• _Material shown_:
+--

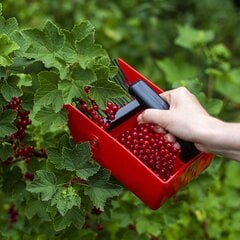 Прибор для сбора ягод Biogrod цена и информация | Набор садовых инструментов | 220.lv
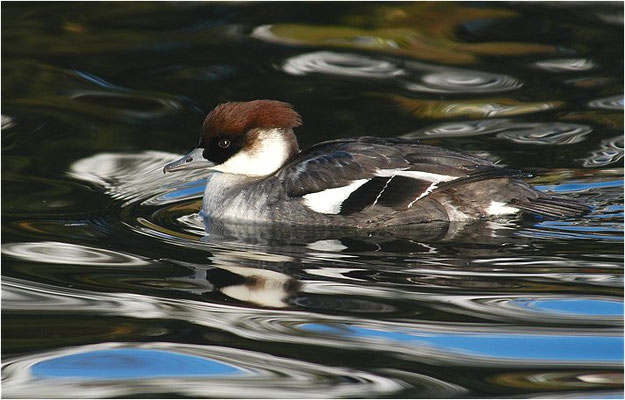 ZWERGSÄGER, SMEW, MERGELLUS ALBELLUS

+--

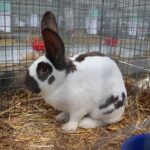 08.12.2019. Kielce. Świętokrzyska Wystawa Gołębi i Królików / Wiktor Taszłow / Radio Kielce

+--

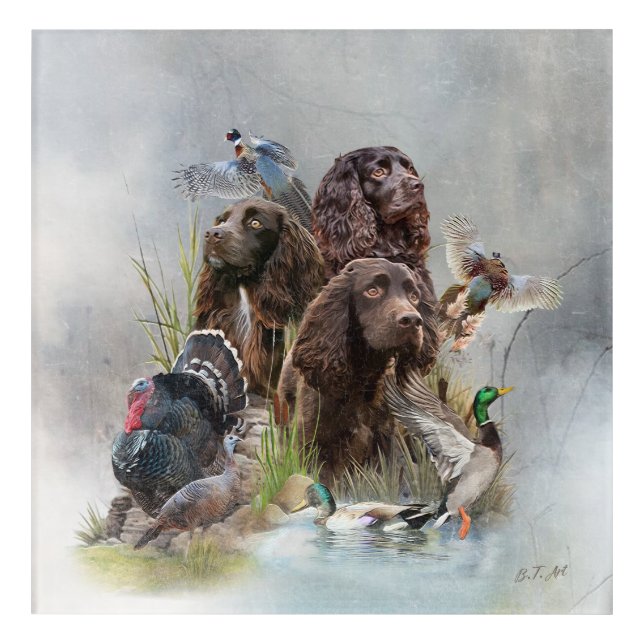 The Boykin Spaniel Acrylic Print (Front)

+--

• _Directions_: Above is the material; set down exactly its lines from the one containing "Прибор для сбора" down to the one containing "ZWERGSÄGER, SMEW, MERGELLUS ALBELLUS", both included, leaving out any pictures.

• _Task result_:
 Прибор для сбора ягод Biogrod цена и информация | Набор садовых инструментов | 220.lv
 ZWERGSÄGER, SMEW, MERGELLUS ALBELLUS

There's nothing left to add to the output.